Deliverability refers to the ability for water to be physically delivered to the water user, relating to the channel capacity of river systems and constraints within the system.
Deliverability issues arise as a result of increasing downstream demand (from growing irrigation developments, and large parcels of environmental water delivery), and a declining capacity of the river (siltation, erosion, etc.).
Whilst a state-wide matter, the most prominent example is the deliverability challenges regarding the Barmah-Millewa Choke on the Murray River.
The consequence for irrigation farmers is a risk to both the reliability of water entitlements, and risk to the accessibility of allocations.
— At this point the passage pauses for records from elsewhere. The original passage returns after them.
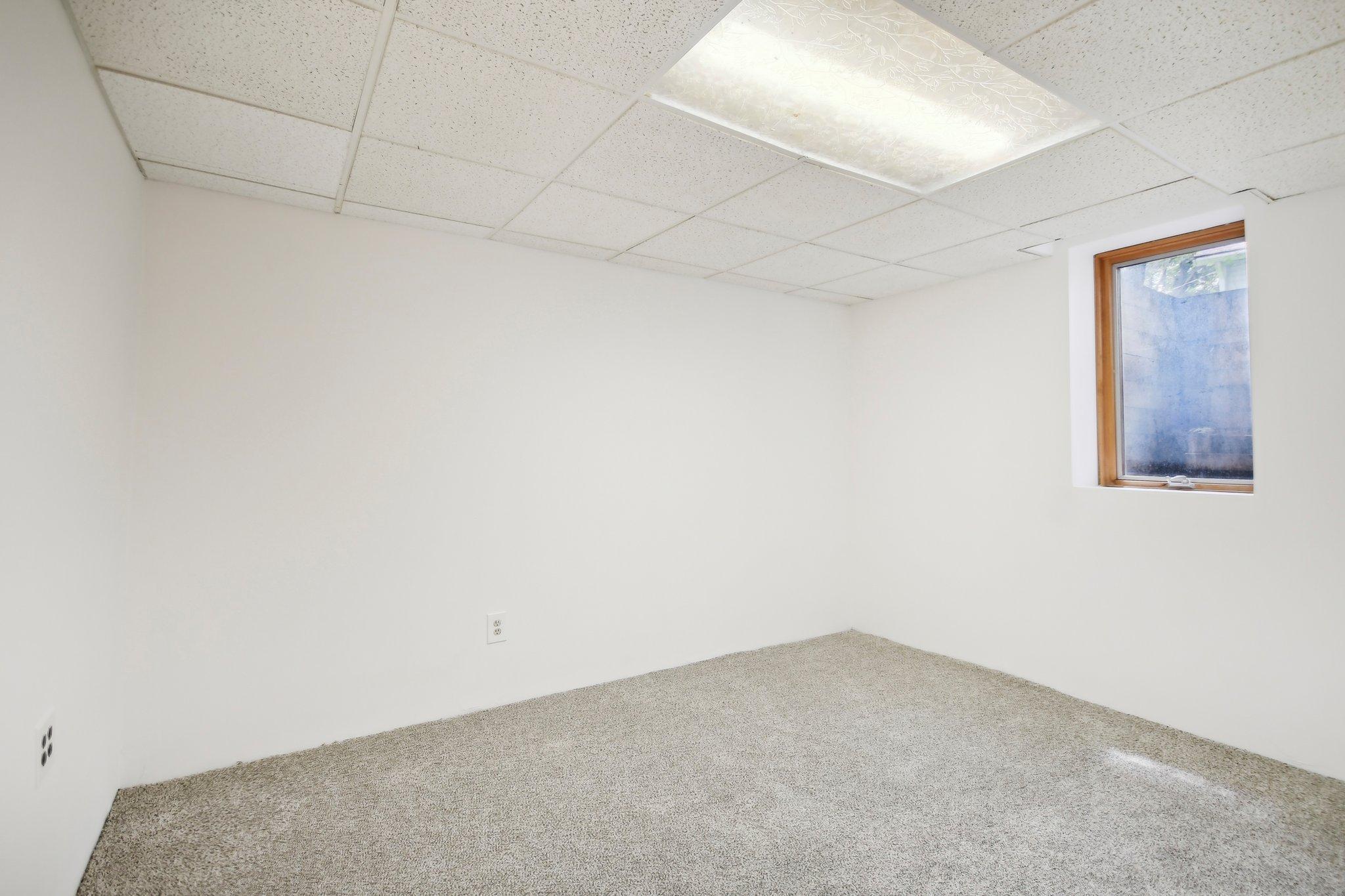 5445 Lakeview Avenue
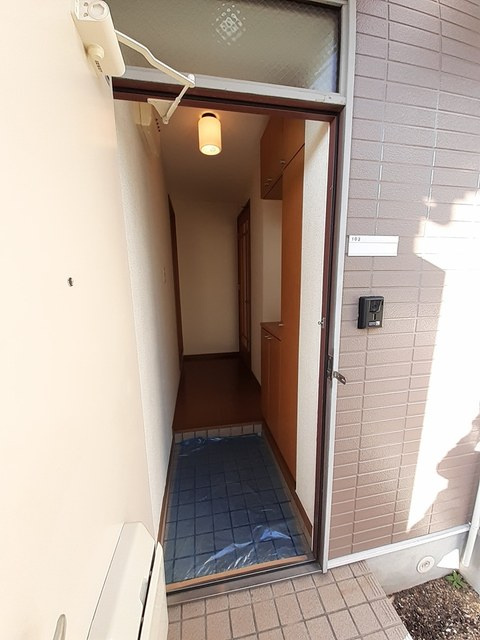 エバーグリーン　Ｃの玄関|玄関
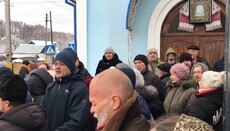 В Пуховке рейдеры ПЦУ заблокировали вход в храм УПЦ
The risk to reliability is a result of substantial losses in the system reducing the total water balance; and the risk to accessibility is a result of the physical capacity of the system to deliver desired volumes of water.
NSWIC advocates for deliverability challenges to be addressed, based on key principles of ensuring the property rights of water users are protected (water availability, accessibility, and reliability); no negative unmitigated third-party impacts (including for the environment); delivery shortfall risks are to be borne by new developers; be agnostic to (not discriminate between) agricultural industries; seek to minimise operational losses – with delivery of productive water not being overbank; and to recognise and account for the environmental benefits from the delivery of productive water – amongst many others.
NSWIC is of the position that water delivery must operate within the ecosystem and hydrological limits of the physical natural river system. While our rivers are ‘working rivers’, the natural environment must be at all times respected and prioritised in applying a market mechanism.